If a reader wishes to know where the COMMANDOpera style of musical criticism is derived, they would have to go back to the iconic writings of Mr. Andrew Porter for the New Yorker Magazine during the eighties. The above excerpt is extremely typical of Mr. Porter’s lucid style which makes for an illuminating read on how musical criticism was correctly essayed. It seems such a distant memory to recall the endless waiting one endured each week for the latest edition of the New Yorker to see who Mr. Porter liked and who he did not. No other voice in musical criticism mattered to the degree of Mr. Porter, and this writer adored and pedestalized the man to no end. Recently this venue attempted to be in touch with Mr. Porter who is 82, with no success to date. Here is Mr. Porter’s biography from Wikipedia:
‘Andrew Porter, born August 26, 1928, in Cape Town, South Africa, is a British music critic, scholar, organist, and opera director. He studied organ at University College, Oxford University, in the late nineteen-forties, then began writing music criticism for various London papers, including The Times and The Daily Telegraph. In 1953 he joined The Financial Times, where he served as the lead critic until 1972. Stanley Sadie, in the 2001 edition of the Grove Dictionary of Music and Musicians, writes that Porter “built up a distinctive tradition of criticism, with longer notices than were customary in British daily papers, based on his elegant, spacious literary style and always informed by a knowledge of music history and the findings of textual scholarship as well as an exceptionally wide range of sympathies.” In 1960, Porter became the editor of The Musical Times. From 1972 to 1973 he served a term as the music critic of The New Yorker. He returned in 1974 and remained the magazine’s music critic until he moved back to London in 1992. His writings for The New Yorker won respect from leading figures in the musical world. The composer and critic Virgil Thomson, in a 1974 commentary on the state of music criticism, stated, “Nobody reviewing in America has anything like Porter’s command of opera. Nor has The New Yorker ever before had access through music to so distinguished a mind.” In more recent years he has written for The Observer and The Times Literary Supplement. His English translations of Der Ring des Nibelungen and The Magic Flute have been widely performed. His most significant achievement as a scholar was his discovery of excised portions of Verdi’s Don Carlos in the library of the Paris Opera, which led to the restoration of the original version of the work’.

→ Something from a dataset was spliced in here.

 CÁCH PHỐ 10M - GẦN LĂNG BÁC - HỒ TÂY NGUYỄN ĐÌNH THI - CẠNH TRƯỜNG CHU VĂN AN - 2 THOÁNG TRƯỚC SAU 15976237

COMMANDOpera does not own such an extraordinary background within the realm of classical music as Mr. Porter. There is no critic of note today who does. Nevertheless, the style of Mr. Andrew Porter is not lost to readers today who are interested in digesting serious musical criticism. It remains the unique foundation of COMMANDOpera.









Dear CommandOpera,
Thank you for reaching for the stars! I look forward to reading your criticism (this is my first time on your site). The New Yorker lost much of its appeal to me since Mr. Porter’s departure,so I am glad someone is following his lead. Best wishes!
Welcome. Perahps Mr. Porter does look in now and again, however it is for readers such as yourself which motivates me each day to maintain his exemplary standard.
The wonderful Mr Porter appears in this fascinating 1969 documentary about an east-meets-west music festival in Iran, along with fellow music critic Desmond Shawe-Taylor, Arthur Rubenstein and others. http://www.nzonscreen.com/title/sound-the-trumpets-beat-the-drums-1969
Mr. Porter had an equally wonderful and able sister named Shelia who was an efficient and delightful performing arts publicist, specifically for the royal Opera House Convent Garden and later for the now ill disposed and I fear doomed NYCOpera. She was a wonder and fount of information and very kind, generous, considerate and helpful to new reviewers and small fry in the journalism world. I think between them, the state and health of both the Met and the NYCOpera would be considerably better off, not to mention the level and degree of opera criticism, these days. They both supported what was best in their companies and field and were not out-and-out corporate or company people, devoid of morals, taste, values and aesthetics, ready to say and do anything to promote whatever trash was to be hyped like I find today.